KR101884804B1 - Apparatus for test model - Google Patents

Abstract

A model testing apparatus is disclosed. A model testing apparatus according to an embodiment of the present invention is a model testing apparatus for model testing a situation in which a first model structure and a second model structure are moored close to each other and is supported by the first model structure, A fender structure for buffering an impact force due to a collision between the structure and the second model structure, the displacement in the horizontal direction of the impact force being nonlinearly changed; And a pressing member interposed between the fender structure and the second model structure for transmitting the impact force to the fender structure.

Description

Apparatus for test model

The present invention relates to a model testing apparatus.

In general, a fender is a type of fender that, when an offshore structure such as a ship is moored or approaching a mooring facility, such as a quay, or other offshore structure, by means of impact forces between two adjacent offshore structures and mooring structures or between two offshore structures Is a buffer facility installed to prevent damage to offshore structures and mooring facilities.

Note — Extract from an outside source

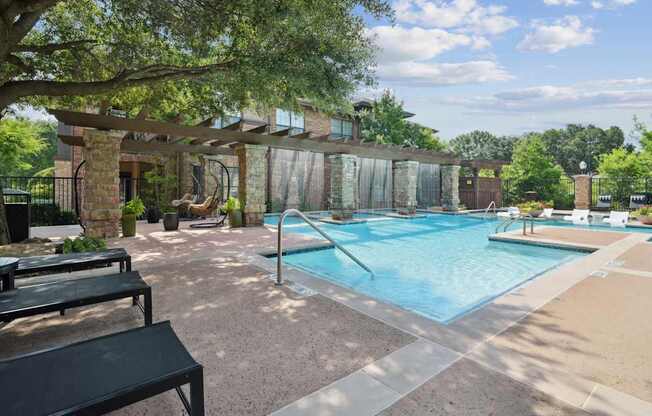 A pool surrounded by a patio with a black bench.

These fenders can be made of elastic materials such as rubber.

For example, referring to FIGS. 1 and 2, FLNG (Floating Liquid Natural Gas Plant) 1, an offshore structure floating on the sea, and LNGC (LNG Carrier) 2, And can be moored through the fender 3 and the mooring line (not shown). At this time, the resilient fender 3 is interposed between the FLNG 1 and the LNGC 2, and can buffer the impact force acting between the FLNG 1 and the LNGC 2.

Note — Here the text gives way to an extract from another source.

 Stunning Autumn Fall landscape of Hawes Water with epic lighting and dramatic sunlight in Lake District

In this case, the fender 3 may be displaced in the horizontal direction due to an impact force acting between the FLNG 1 and the LNGC 2. The displacement of the fender 3 can be non-linearly changed with respect to the impact force acting between the FLNG 1 and the LNGC 2 as shown in Fig. 3 due to the elasticity of the fender 3. [ In this case, the fender 3 is prevented from being excessively displaced according to the impact force, and the impact force can be gradually absorbed.

On the other hand, the fender should be installed so as to withstand the impact force between the mutually approaching offshore structure and the mooring facility or between the two offshore structures, so the magnitude of the impact force should be predicted and installed accordingly.

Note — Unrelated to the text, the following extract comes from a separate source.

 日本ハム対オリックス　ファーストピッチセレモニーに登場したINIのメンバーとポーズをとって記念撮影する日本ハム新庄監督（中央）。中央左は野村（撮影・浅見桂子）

However, marine structures or mooring facilities where fenders are installed are substantially huge structures, and it is very difficult to conduct experiments on such marine structures or mooring facilities.

Therefore, in order to solve this problem, it is desirable to accurately predict how much impact force will be applied to the fender through the model test before the fender is actually installed. However, at present, such a demand, particularly, A model test apparatus satisfying the characteristics of the fender is not provided.

An embodiment of the present invention is to provide a model testing apparatus capable of estimating the buffering effect on the impact force of the fender interposed between an offshore structure and a mooring facility or between two marine structures and the impact force acting on the fender.

According to an aspect of the present invention, there is provided a model testing apparatus for model testing a situation in which a first model structure and a second model structure are moored close to each other, the model testing apparatus being supported by the first model structure, A fender structure for buffering an impact force caused by a collision between two model structures and changing the displacement in the horizontal direction to the impact force nonlinearly; And a pressing member interposed between the fender structure and the second model structure for transmitting the impact force to the fender structure.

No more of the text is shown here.